According to reports, the teachers are demanding a minimum salary of US$1,260 per month as the country grapples with economic difficulties, such as harsh inflation and the recent depreciation of the local currency, Zimbabwe Gold (ZiG).
The Amalgamated Rural Teachers Union of Zimbabwe (Artuz) condemned the current wages under the administration of President Emmerson Mnangagwa and called for fair, safe labour practices and standards.
"A minimum of US$1 260 is all that teachers are demanding," Artuz said.
During the protest, the union raised concerns over government's recent spending of US$16 million to buy top-of-the-range vehicles for traditional leaders, saying, "The government should review salaries and pay a fair wage that enables teachers to cater for basics and have savings."
They also noted that the lack of a conducive environment, the unfulfilled commitments to continuing professional development, and violations of labor rights continue to drive educators out of the profession.
"Every employee has the right to participate in collective job action, including the right to strike, sit in, withdraw their labour and to take other similar concerted action, but a law may restrict the exercise of this right in order to maintain essential services.

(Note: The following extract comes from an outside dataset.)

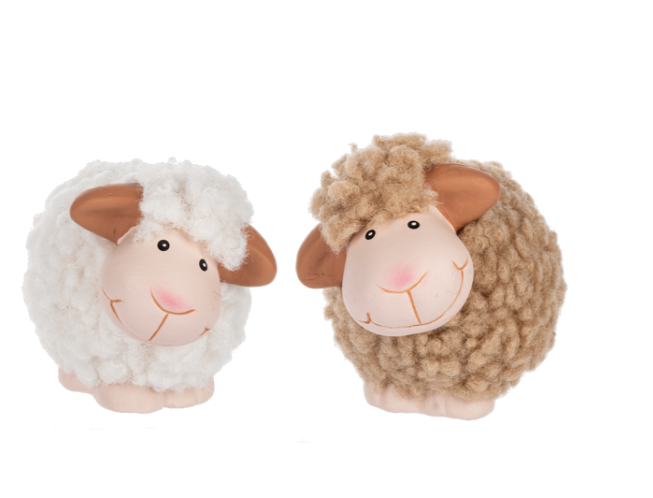 Two plush sheep toys, one white and one brown, on a white background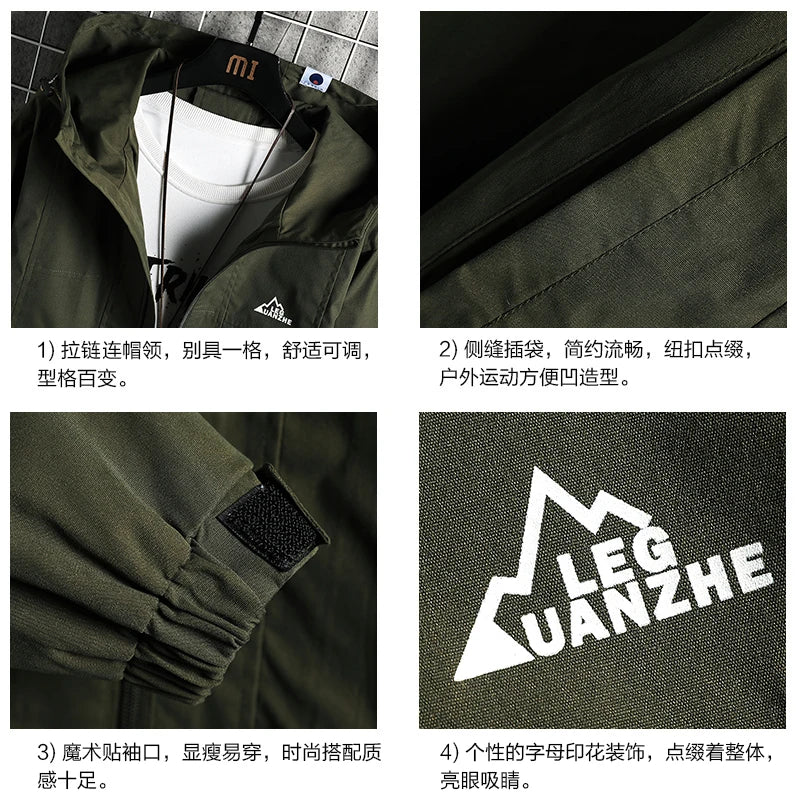 men clothing jacket for men new hooded coat for men jackets zip coats casual fishing couple top spring and autumn menswear bottoms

"The Public Service Act should be aligned to protect the right to strike. Job actions should be protected by the administrators of education.
"The culture of persecuting teachers for embarking on job actions is against the spirit of the national Constitution," ZWNews reported.

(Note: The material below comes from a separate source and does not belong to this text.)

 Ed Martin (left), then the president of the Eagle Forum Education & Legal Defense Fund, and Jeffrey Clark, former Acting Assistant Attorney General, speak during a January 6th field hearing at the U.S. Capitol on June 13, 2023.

The government of Zimbabwe, in an attempt to mitigate the impact of the recent devaluation of the ZiG, told the State-controlled media that it would increase salaries for civil servants and award them a 13th cheque.
According to the Minister of Public Service, Labour, and Social Welfare, July Moyo, the move by the government is aimed at uplifting lower-income employees from inflation and widespread poverty.
Since its introduction in April 2024, the Zimbabwe Gold (ZiG) currency has plummeted by 67% against the US dollar.
The Reserve Bank of Zimbabwe (RBZ) recently devalued the ZiG to $24,3 per US dollar from $14, prompting calls for urgent reforms and greater accountability from the leadership.
Despite many attempts by the RBZ to keep the currency afloat, the future of the ZiG remains uncertain, as critics believe that the RBZ has done very little to facilitate the smooth operation of the market.